Supplied entries Start Marker
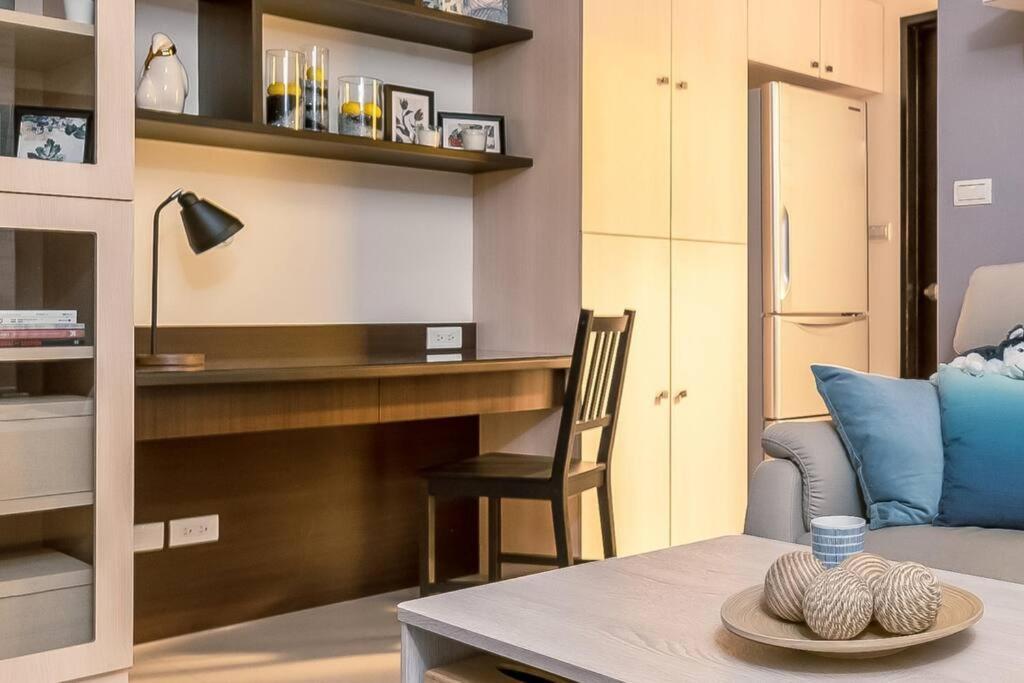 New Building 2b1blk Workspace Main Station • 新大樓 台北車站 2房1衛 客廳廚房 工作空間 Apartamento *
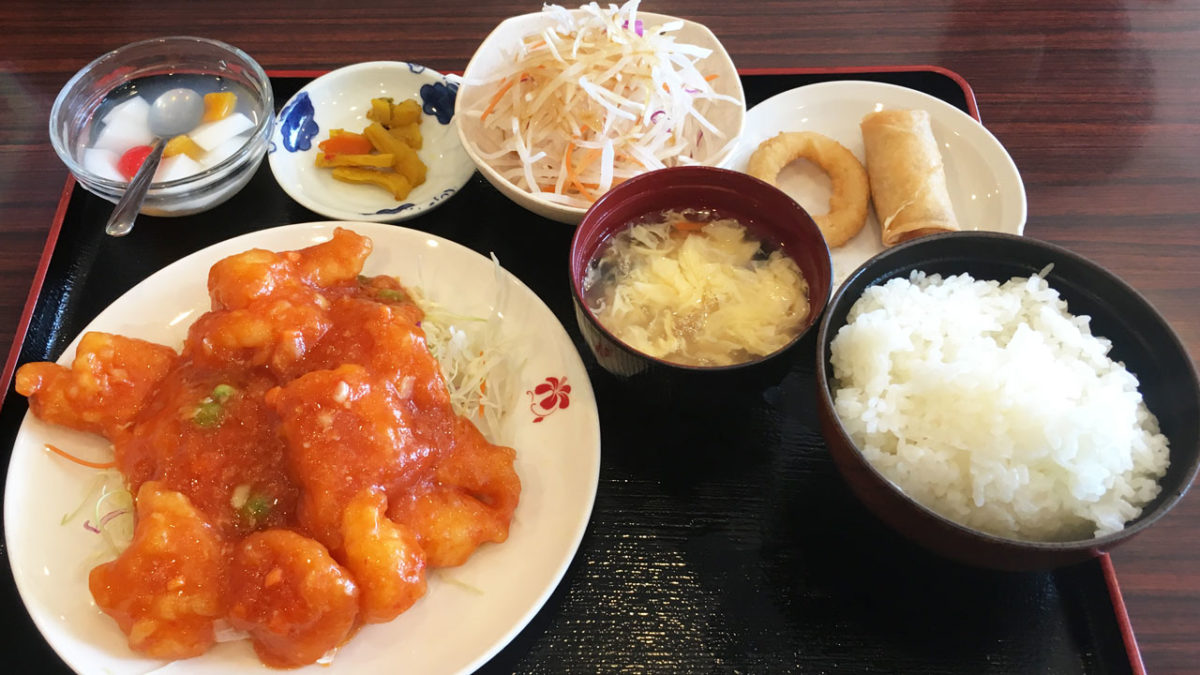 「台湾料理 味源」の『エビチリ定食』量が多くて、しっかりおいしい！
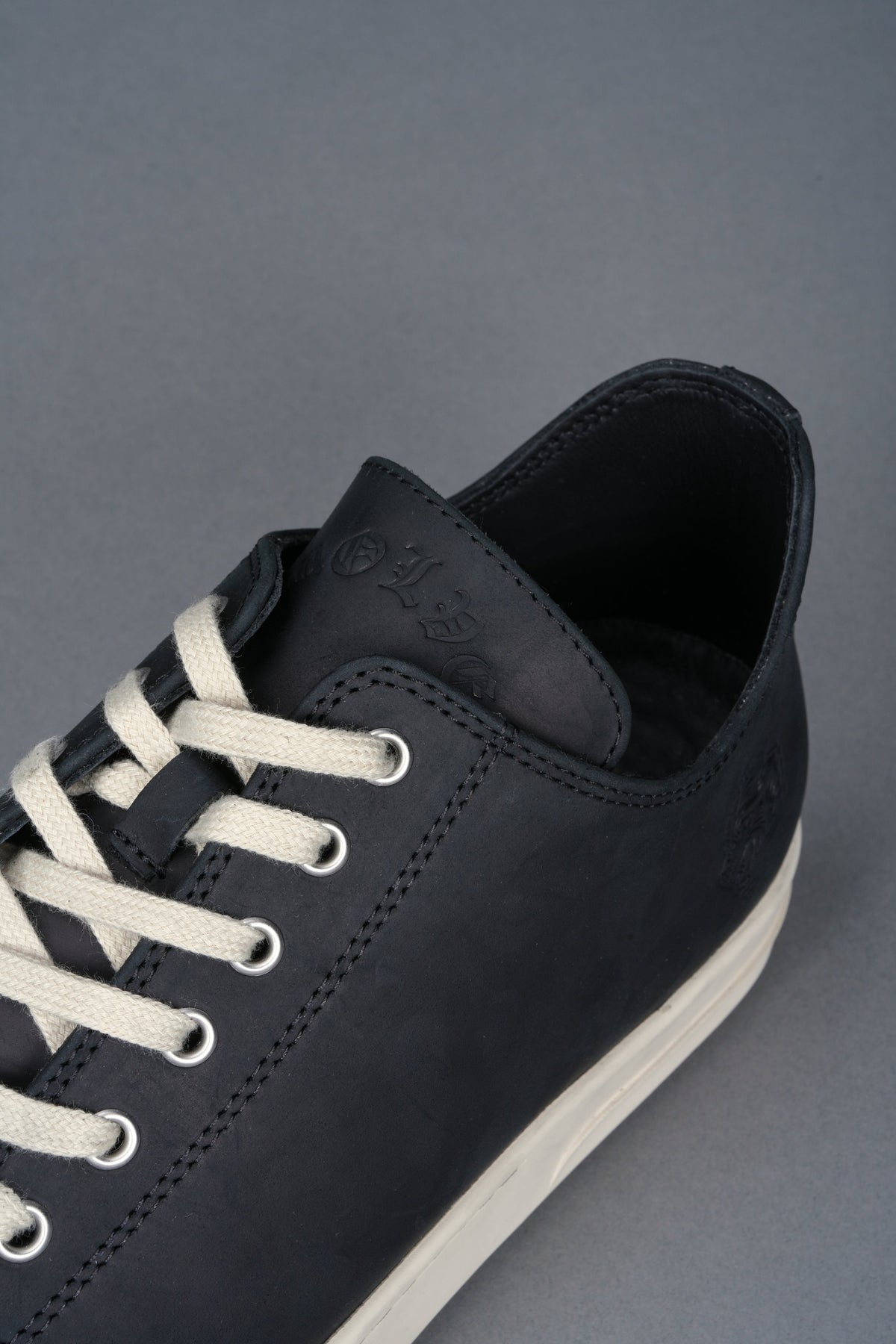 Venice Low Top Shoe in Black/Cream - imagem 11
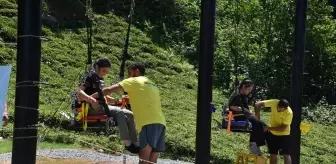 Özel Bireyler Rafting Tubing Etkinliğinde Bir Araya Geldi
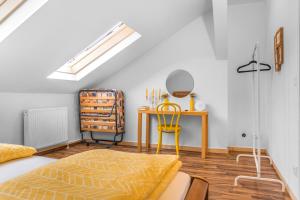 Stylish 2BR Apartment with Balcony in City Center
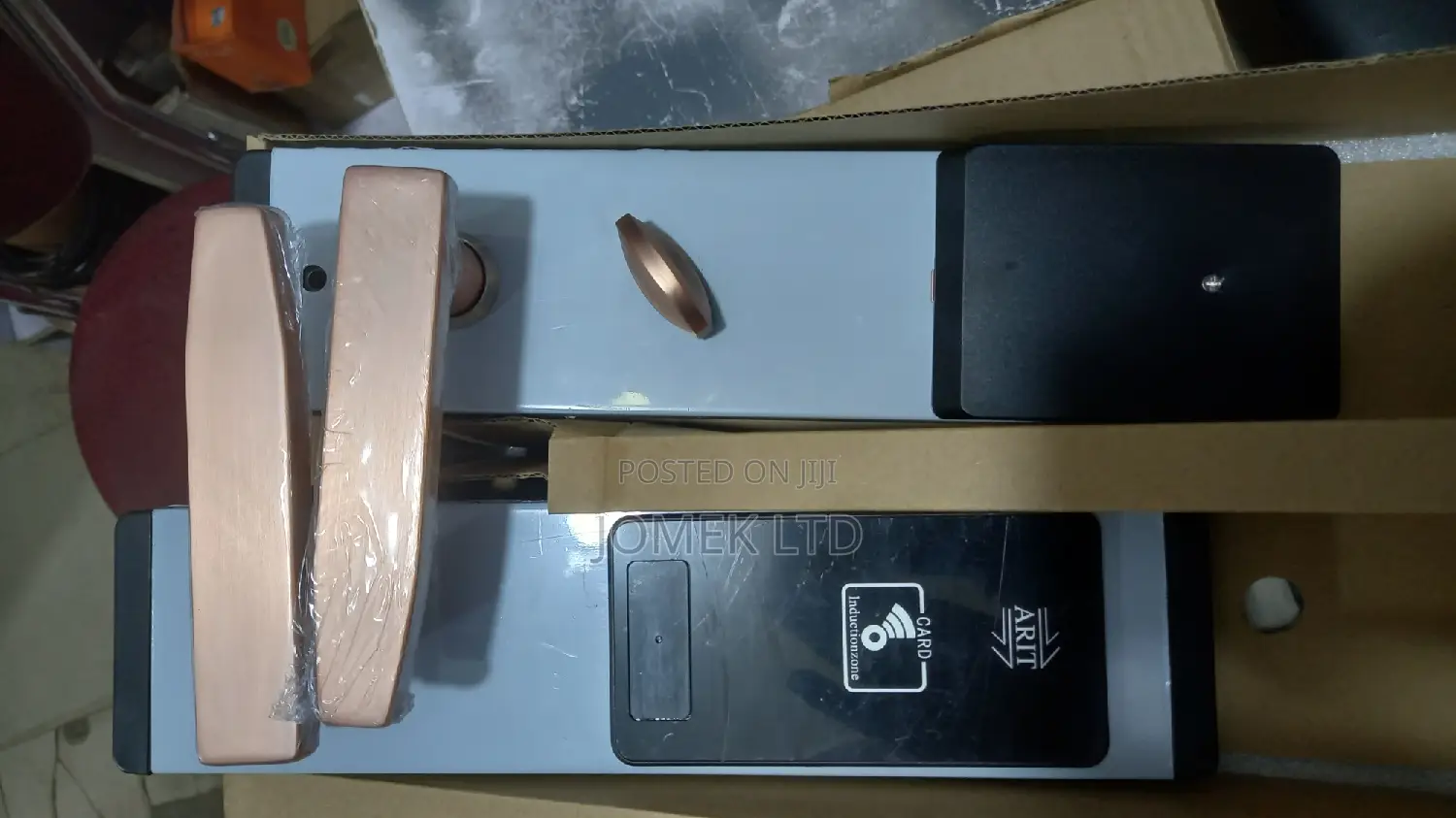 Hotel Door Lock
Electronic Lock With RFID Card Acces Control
Supplied entries End Marker
**Aim of the task**. Write out each line exactly, from the one containing "Hotel Door Lock" through the end of the entries, and skip the pictures.

**Response to the exercise**.
 Hotel Door Lock
Electronic Lock With RFID Card Acces Control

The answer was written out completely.